The task
Go through the entries and tally the lines containing the word "with". Only the total is wanted.

Data for this exercise
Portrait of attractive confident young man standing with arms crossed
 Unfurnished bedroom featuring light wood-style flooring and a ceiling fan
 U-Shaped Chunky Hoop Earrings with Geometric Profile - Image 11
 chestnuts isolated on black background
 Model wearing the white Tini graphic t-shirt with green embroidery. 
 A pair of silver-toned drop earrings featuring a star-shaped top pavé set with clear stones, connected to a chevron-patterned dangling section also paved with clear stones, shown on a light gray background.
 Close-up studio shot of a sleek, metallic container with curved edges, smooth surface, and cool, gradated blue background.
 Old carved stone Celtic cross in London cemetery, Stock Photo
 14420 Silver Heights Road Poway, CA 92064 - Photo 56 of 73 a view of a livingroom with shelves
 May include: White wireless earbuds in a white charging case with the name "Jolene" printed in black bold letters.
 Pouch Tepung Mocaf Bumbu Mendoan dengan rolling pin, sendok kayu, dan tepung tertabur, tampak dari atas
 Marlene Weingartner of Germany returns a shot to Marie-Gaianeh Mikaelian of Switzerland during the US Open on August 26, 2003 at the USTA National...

Answer to this exercise
7